Man kann ein Spiel auch gewinnen, wenn man schlechte Karten auf der Hand hat. Denn es gilt, einfach das Beste daraus zu machen. So erkennen Spielende im Laufe der Partie vielleicht, wie viele Möglichkeiten sie trotzdem haben. Ähnlich fühlte sich für die Jury Kinderspiel des Jahres das Spielejahr 2020/21 an. Während wir im Vorjahr zumindest noch bis März aus dem Vollen schöpfen konnten was Kindergärten und Grundschulen anging, starteten wir kurz darauf aber in ein Spielejahr voller Einschränkungen. Doch Not macht erfinderisch – und muss es auch! Denn in Zeiten von Kontaktbeschränkungen und Home Schooling braucht es mehr denn je eine fundierte und qualifizierte Beurteilung, welche Spiele aus der großen Masse herausragen. Gefunden haben wir diese Spiele in einem erneut starken Jahrgang, der durch alle Altersgruppen hinweg faszinierende Spiele bereithielt.

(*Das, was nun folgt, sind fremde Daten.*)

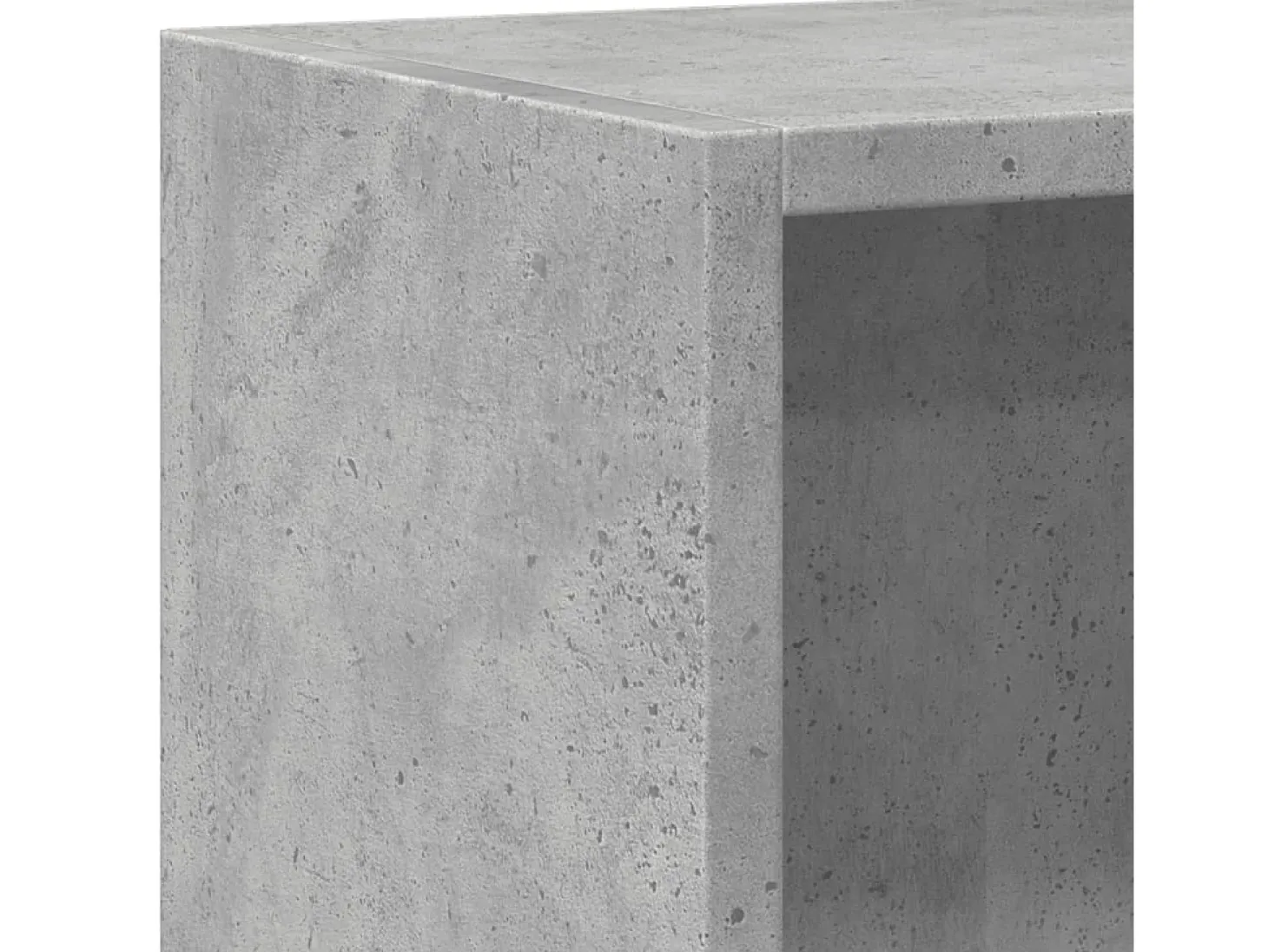 Freekje Estantería de madera contrachapada gris hormigón 80x24x75 cm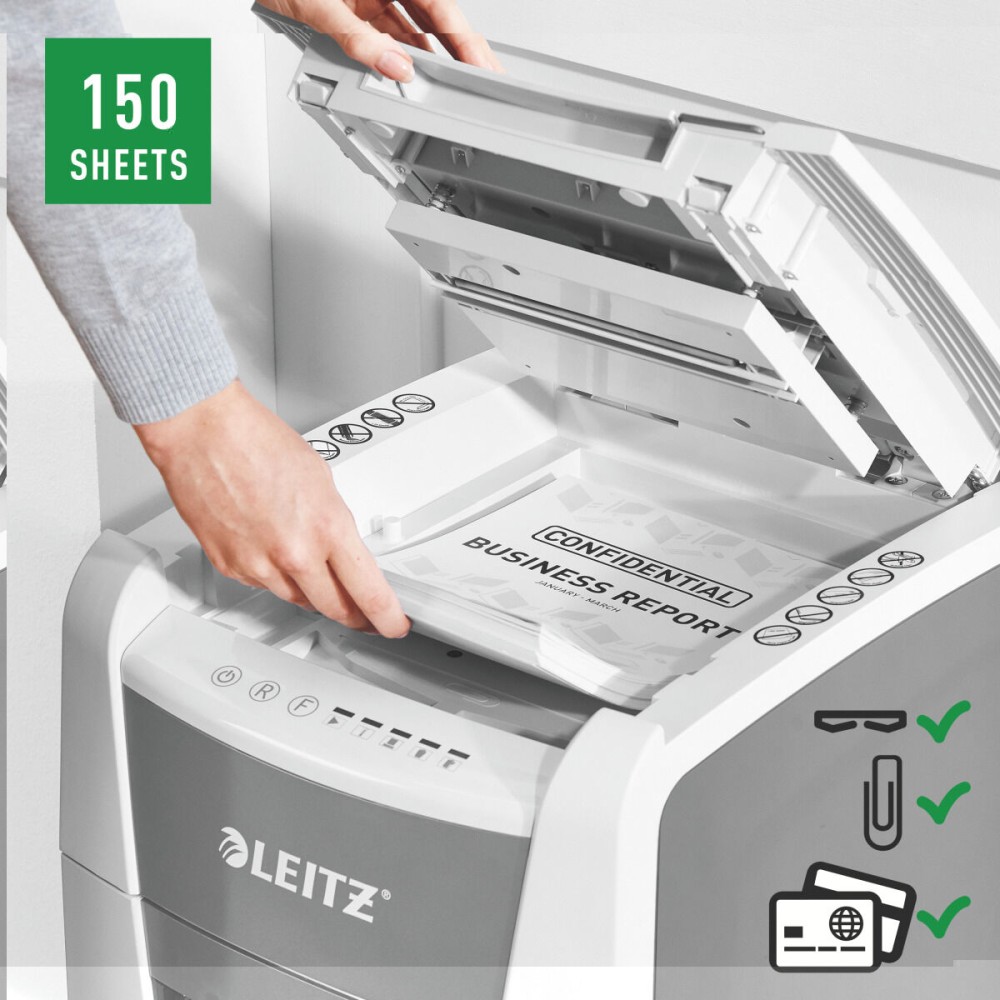 Micro-Cut Paper Shredder Leitz IQ 150 Autofeed P5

Beurteilen konnten wir die Spiele, indem wir unsere Not pragmatisch angingen: Es wurden unzählige Familien rekrutiert, die sofort ihre Bereitschaft signalisierten, freudig mittesten zu wollten. Es wurden neue Wege gefunden, um Spiele zu spielen, indem wir uns etwa über Videotelefonie mit Familien verabredeten. Vor allem hat sich das Beiratssystem der Jury Kinderspiel des Jahres als äußerst effektiv erwiesen, denn unsere Beiräte konnten in ihren Einrichtungen uneingeschränkt weiter testen, sobald diese wieder geöffnet waren. Das war für alle Beteiligten viel mehr Arbeit als in den Jahren zuvor und deshalb bin ich froh und auch ein bisschen stolz auf unsere Leistung und was dabei rausgekommen ist: Eine tolle und abwechslungsreiche Liste aus 10 Spielen, die sich perfekt für alle Kinder eignen.

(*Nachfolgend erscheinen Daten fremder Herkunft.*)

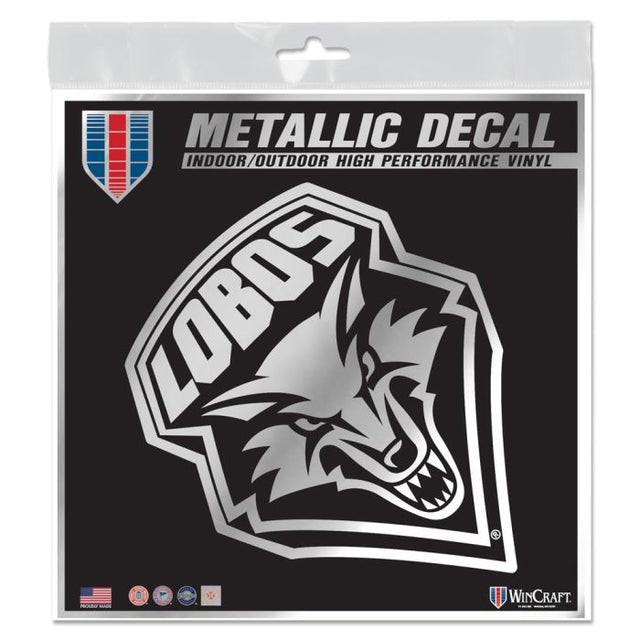 New Mexico Lobos Decal Metallic 6" x 6"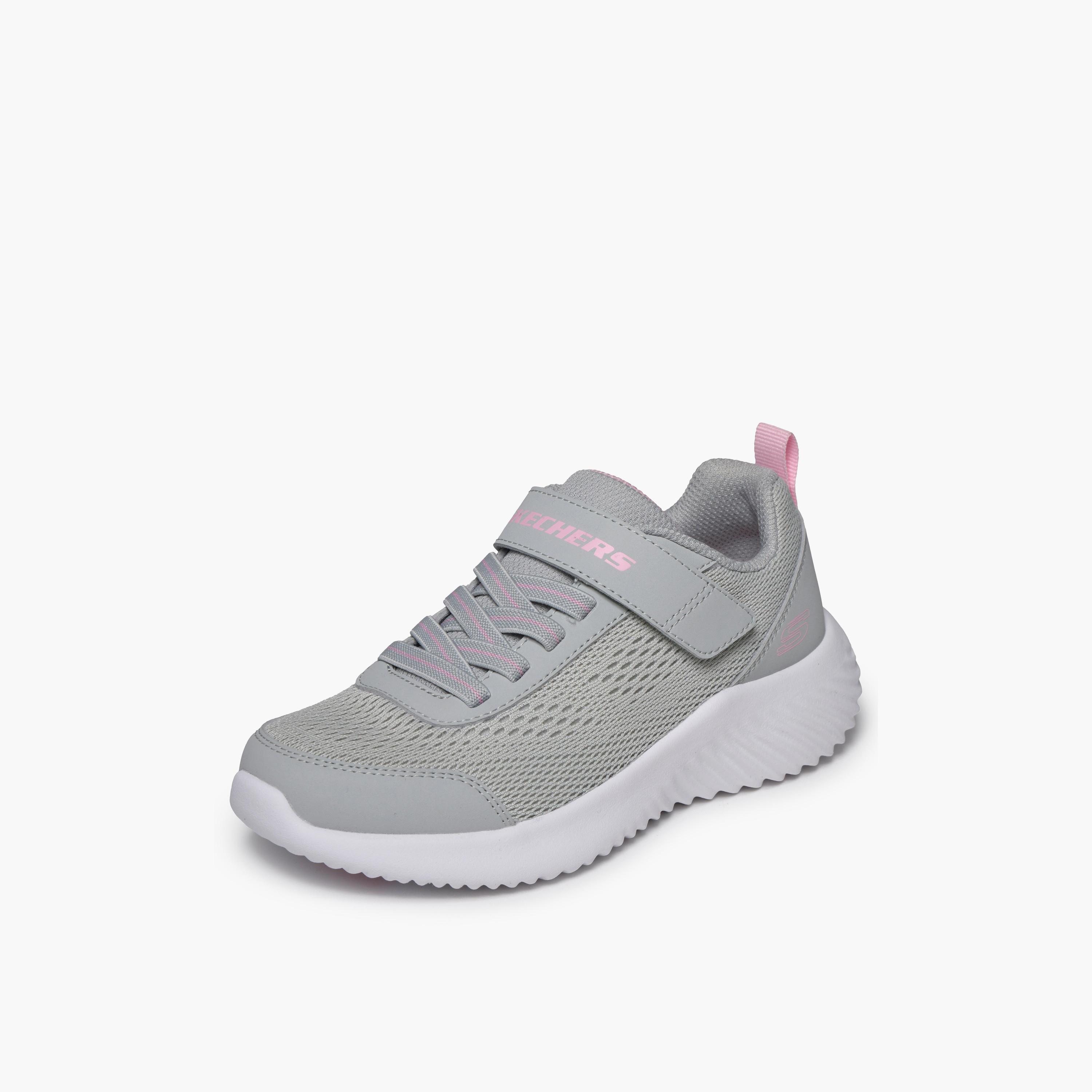 Skechers Girls BOUNDER Hook & Loop Sneakers-girls-shoes-sports-image-4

Auffallend an der Liste ist, dass sechs von zehn Spielen in diesem Jahrgang aus der Feder französischer Autorinnen und Autoren stammen. Auch die Optik überzeugt: Sei es die ungewöhnliche Retrografik von „Tapikekoi“ oder die fast schon ausschweifende Ausstattung von „Traumfänger“: Es zeigt einmal mehr, mit wie viel kindlicher Freude und Liebe zum Detail unsere westlichen Nachbarn an Kinderspiele herangehen. Aber auch die anderen Spiele unserer Liste warten mit starken Umsetzungen auf. Bei „Hipp Hopp Hippo“ tauchen Nilpferde auf dem Plan unter und wieder auf und Affen hüpfen auf ihnen herum. Bei den „Memo Friends“ versammeln sich niedliche Tiere in einem Wald. „Inspektor Nase“ lädt durch seine klare Note zu vielen Diskussionen ein und bei „Käpt’n Kuller“ gibt es sogar ein „echtes“ Kanonenrohr.

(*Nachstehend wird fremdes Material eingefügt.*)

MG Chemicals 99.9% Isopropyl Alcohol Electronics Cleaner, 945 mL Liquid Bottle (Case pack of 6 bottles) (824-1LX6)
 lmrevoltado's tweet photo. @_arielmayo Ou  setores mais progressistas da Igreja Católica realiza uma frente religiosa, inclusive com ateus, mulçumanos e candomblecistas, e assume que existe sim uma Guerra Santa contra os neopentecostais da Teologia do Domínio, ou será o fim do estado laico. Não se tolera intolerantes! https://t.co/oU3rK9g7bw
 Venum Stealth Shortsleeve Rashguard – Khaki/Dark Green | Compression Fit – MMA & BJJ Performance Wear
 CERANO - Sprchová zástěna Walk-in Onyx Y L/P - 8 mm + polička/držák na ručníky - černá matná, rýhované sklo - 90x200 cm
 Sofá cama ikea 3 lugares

Drei Spiele haben nun die Chance auf den Preis „Kinderspiel des Jahres“ am 14. Juni 2021. Diese drei stachen aus der sehr guten Liste ein wenig mehr hervor, als der Rest, weil alle gut durchdachte und ungewöhnliche Ansätze hatten: „Dragomino“ verwandelt das Familienspiel „Kingdomino“ auf elegante Weise in ein Kinderspiel, „Fabelwelten“ besticht durch interaktive Märchen, viel Gelächter und Kommunikation und „Mia London“ bietet Merkarbeit oberster Güte, bei der sich Erwachsene anstrengen müssen, um mit den Kleinen mitzuhalten.
Aber auch, wenn es nur einen Gewinner geben kann: Gewonnen haben alle Spiele auf unserer Liste, weil sie den Kindern und Familien eine unglaubliche unterhaltsame Zeit bereitet haben. Deshalb lassen Sie sich gerne von unserer Liste inspirieren und probieren viel davon aus. Mit einer Alterspanne von drei bis sieben Jahren ist wirklich für jeden etwas dabei. Und mit einem starken Jahrgang für Spiele ab fünf Jahren können sowohl jüngere als auch ältere Kinder viele tolle Spielrunden erleben.